● Exercise goal: Can you print the data exactly and leave out each image?

### Supplied material ###

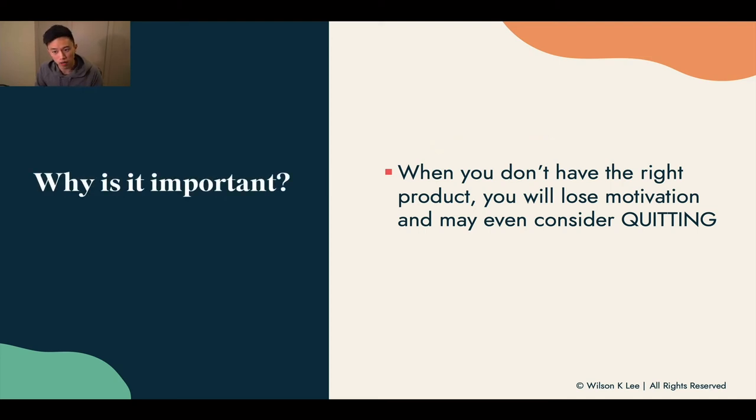You need to choose the right product. Because if you don't have the right product, you're going to lose motivation when it doesn't sell, when no one wants it, and you're going to end up quitting.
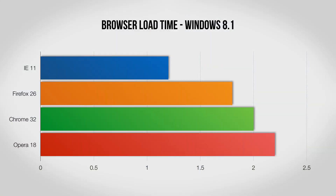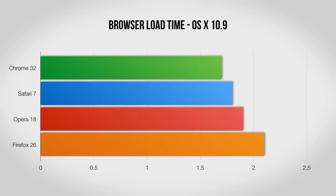Odds are you open and close your browser a few times a day, so for this next test I took a look at how long each browser takes to load and then open up the Google homepage. Here we see Internet Explorer take a pretty substantial lead on Windows, partially thanks to it being built in and always hiding in the background. Firefox, Chrome and Opera are all a little ways behind. Jump over to Mac and the results are very, very close, with Chrome taking a slight lead but all four load within a half second of each other thanks to the SSD.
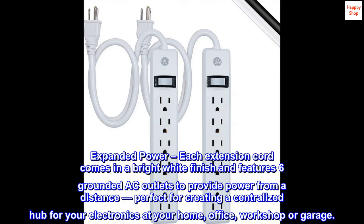Expanded power. Each extension cord comes in a bright white finish and features six grounded AC outlets to provide power from a distance, perfect for creating a centralized hub for your electronics at your home, office, workshop, or garage.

###

● Finished exercise:
You need to choose the right product. Because if you don't have the right product, you're going to lose motivation when it doesn't sell, when no one wants it, and you're going to end up quitting.
Odds are you open and close your browser a few times a day, so for this next test I took a look at how long each browser takes to load and then open up the Google homepage. Here we see Internet Explorer take a pretty substantial lead on Windows, partially thanks to it being built in and always hiding in the background. Firefox, Chrome and Opera are all a little ways behind. Jump over to Mac and the results are very, very close, with Chrome taking a slight lead but all four load within a half second of each other thanks to the SSD.
Expanded power. Each extension cord comes in a bright white finish and features six grounded AC outlets to provide power from a distance, perfect for creating a centralized hub for your electronics at your home, office, workshop, or garage.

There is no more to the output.